OAK's spelling checker is smarter than most. It correctly ignores e-mail addresses and URLs. It's also smart about ordinal numbers (like 1st, 2nd, and 25th). It can even correct comma placement in numbers like 6,5536 and tell you to add an extra
zero at the end of dollar amounts like $6.5.

Another nice touch is that if you're in OAK's suggestion window and begin typing a correction, OAK dynamically improves its suggestions with each letter you type. Often, it comes up with the right correction before you've finished typing, in which case you can just type return to accept it.

At first, OAK is a bit confusing because it offers so many seemingly unrelated tools. In addition, the real-time and batch spell-checkers do not work like any you're accustomed to (after getting used to them, you'll find them an improvement, I think). Fortunately, OAK comes with a fantastic manual that explains all the program's functions--both in a series of tutorials and in reference form. The manual is personal and humorous; I actually enjoyed reading it.

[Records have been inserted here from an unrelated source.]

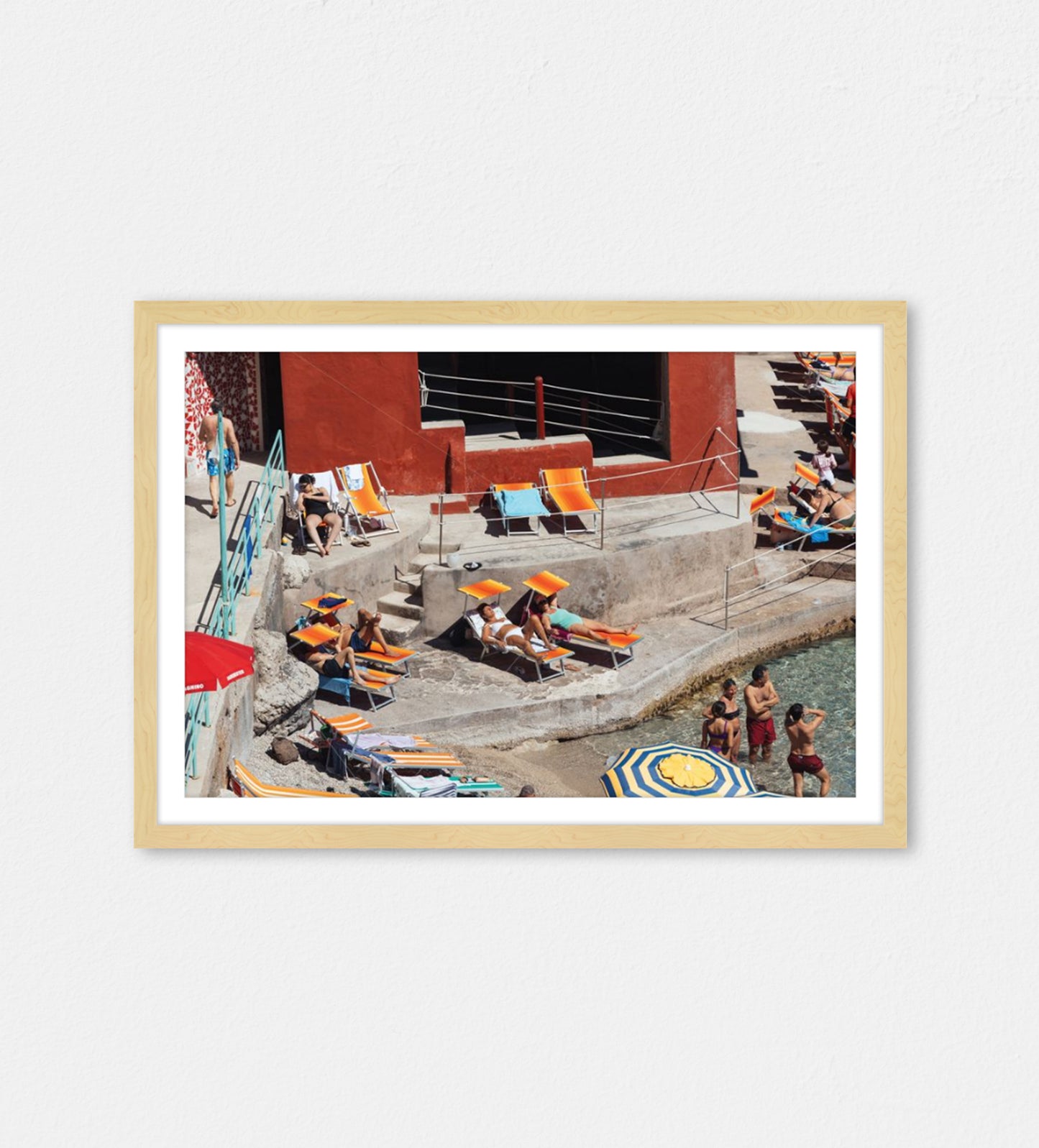 Bagni Sun Bathing - mimi allen photography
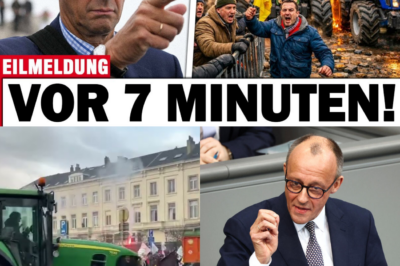 Kriegserklärung an die Bauern? Merz droht mit harter Hand und riskiert den totalen Vertrauensbruch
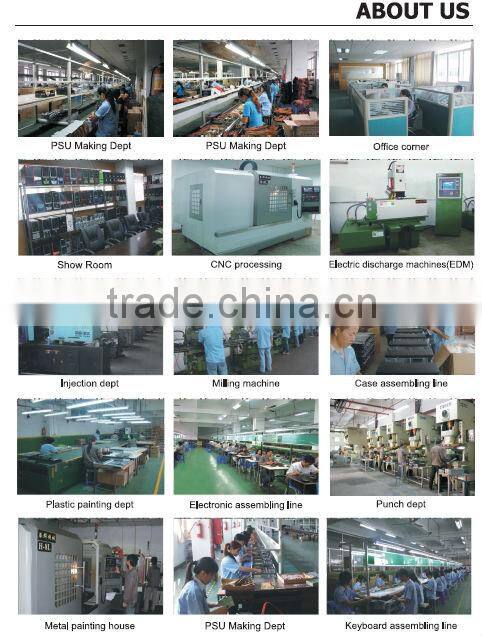 hot sale elegant desktop personal computer case SX-C6820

Online Army Knife vs. Spell Catcher

Although they serve similar purposes, Online Army Knife and Casady & Greene's Spell Catcher are very different products. OAK is an application, so it does not cause extension conflicts. It uses about 1 MB of memory when open, which is more than Spell Catcher, but uses very little when the application is not open. A small control panel called Mission Control intercepts the keyboard commands that activate OAK's spell-checking. (You can also copy text to the clipboard and spell-check it from within OAK's menus.) In contrast, SpellCatcher adds a special menu to each application's menubar.

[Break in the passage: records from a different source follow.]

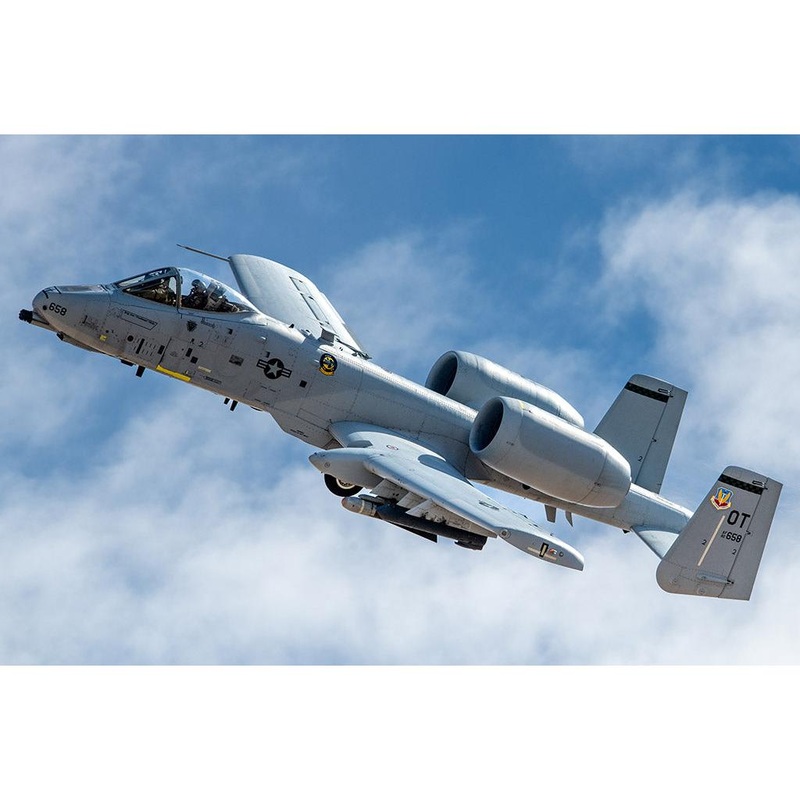 1/48 A-10C “Thunderbolt” II  Plastic Model Kit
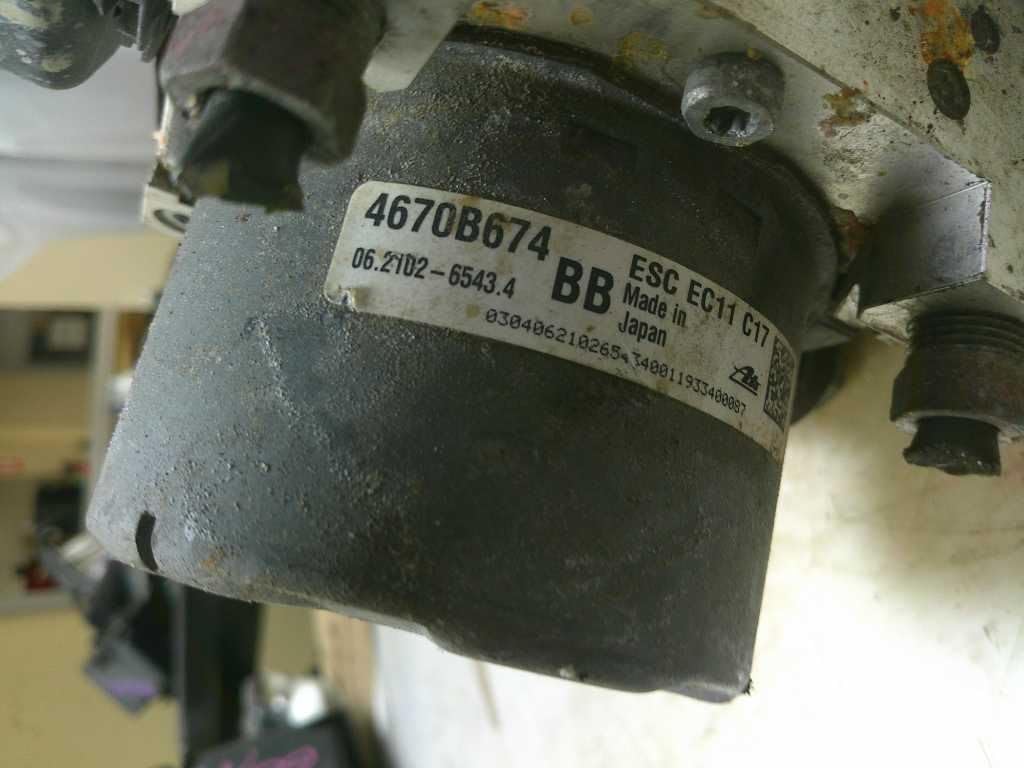 2020-2021 Compatible with Mitsubishi RVR ABS Anti Lock Brake Pump Module 4670B674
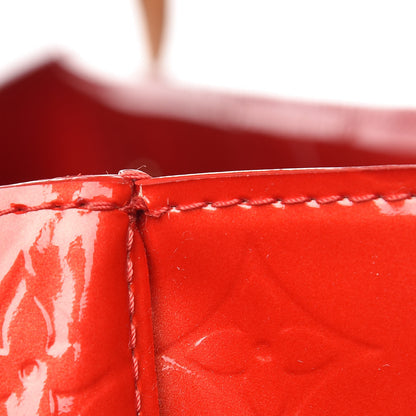 Louis Vuitton Vernis Reade GM Rouge 18 of 20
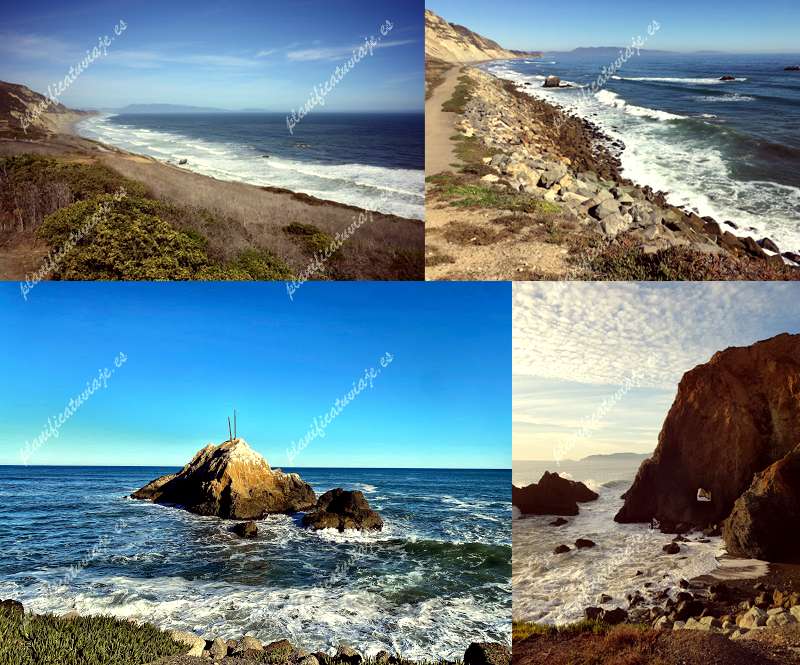 Mussel Rock Park de Daly City | Horario, Mapa y entradas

Spell Catcher generally makes better suggestions than OAK, but, so long as you're a decent speller, OAK's increased speed more than makes up for this.
The main advantage Spell Catcher has over OAK is that it is better at maintaining formatting and styles of a document. Although OAK usually works flawlessly, it occasionally messes up style and ruler settings. Unlike Spell Catcher, it lacks compatibility module files, and cannot make its changes using an application's find/replace command; instead it always uses the clipboard. This is somewhat less reliable in heavily styled documents and means that you cannot always spell-check whole documents that contain graphics. (Instead you must check the document in pieces that do not include graphics.) Finally, I found Spell Catcher's text-manipulation tools more useful than OAK's assorted utilities, though this is certainly a matter of personal preference.

Overall, OAK is the best Macintosh spell-checker available. It is amazingly fast, works in every application, and offers an innovative batch spell-checker, against which all others seem inefficient and downright backward. I recommend OAK to all Macintosh users.